KVM Archive on lore.kernel.org
 help / color / Atom feed
From: Sean Christopherson <sean.j.christopherson@intel.com>
To: Brijesh Singh <brijesh.singh@amd.com>
Cc: Paolo Bonzini <pbonzini@redhat.com>,
	Vitaly Kuznetsov <vkuznets@redhat.com>,
	Wanpeng Li <wanpengli@tencent.com>,
	Jim Mattson <jmattson@google.com>, Joerg Roedel <joro@8bytes.org>,
	kvm@vger.kernel.org, linux-kernel@vger.kernel.org,
	eric van tassell <Eric.VanTassell@amd.com>,
	Tom Lendacky <thomas.lendacky@amd.com>
Subject: Re: [RFC PATCH 0/8] KVM: x86/mmu: Introduce pinned SPTEs framework
Date: Mon, 3 Aug 2020 10:16:20 -0700
Message-ID: <20200803171620.GC3151@linux.intel.com> (raw)
In-Reply-To: <3bf90589-8404-8bd6-925c-427f72528fc2@amd.com>

On Mon, Aug 03, 2020 at 10:52:05AM -0500, Brijesh Singh wrote:
> Thanks for series Sean. Some thoughts
> 
> 
> On 7/31/20 4:23 PM, Sean Christopherson wrote:
> > SEV currently needs to pin guest memory as it doesn't support migrating
> > encrypted pages.  Introduce a framework in KVM's MMU to support pinning
> > pages on demand without requiring additional memory allocations, and with
> > (somewhat hazy) line of sight toward supporting more advanced features for
> > encrypted guest memory, e.g. host page migration.
> 
> 
> Eric's attempt to do a lazy pinning suffers with the memory allocation
> problem and your series seems to address it. As you have noticed,
> currently the SEV enablement  in the KVM does not support migrating the
> encrypted pages. But the recent SEV firmware provides a support to
> migrate the encrypted pages (e.g host page migration). The support is
> available in SEV FW >= 0.17.

I assume SEV also doesn't support ballooning?  Ballooning would be a good
first step toward page migration as I think it'd be easier for KVM to
support, e.g. only needs to deal with the "zap" and not the "move".

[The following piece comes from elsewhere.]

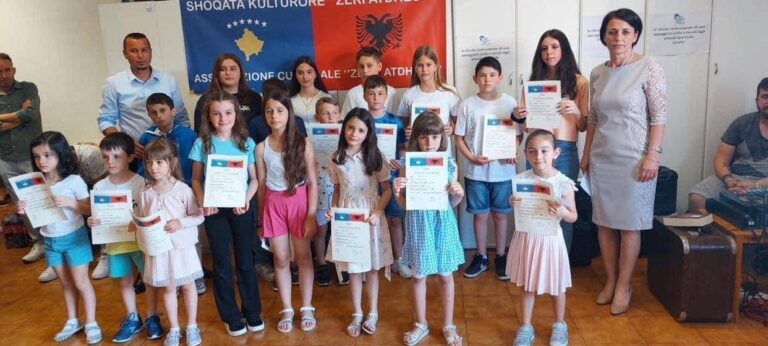 Shkolla shqipe te “Zëri i Atdheut”, në Montebelluna të Italisë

> > The idea is to use a software available bit in the SPTE to track that a
> > page has been pinned.  The decision to pin a page and the actual pinning
> > managment is handled by vendor code via kvm_x86_ops hooks.  There are
> > intentionally two hooks (zap and unzap) introduced that are not needed for
> > SEV.  I included them to again show how the flag (probably renamed?) could
> > be used for more than just pin/unpin.
> 
> If using the available software bits for the tracking the pinning is
> acceptable then it can be used for the non-SEV guests (if needed). I
> will look through your patch more carefully but one immediate question,
> when do we unpin the pages? In the case of the SEV, once a page is
> pinned then it should not be unpinned until the guest terminates. If we
> unpin the page before the VM terminates then there is a  chance the host
> page migration will kick-in and move the pages. The KVM MMU code may
> call to drop the spte's during the zap/unzap and this happens a lot
> during a guest execution and it will lead us to the path where a vendor
> specific code will unpin the pages during the guest execution and cause
> a data corruption for the SEV guest.

The pages are unpinned by:

  drop_spte()
  |
  -> rmap_remove()
     |
     -> sev_drop_pinned_spte()


The intent is to allow unpinning pages when the mm_struct dies, i.e. when
the memory is no longer reachable (as opposed to when the last reference to
KVM is put), but typing that out, I realize there are dependencies and
assumptions that don't hold true for SEV as implemented.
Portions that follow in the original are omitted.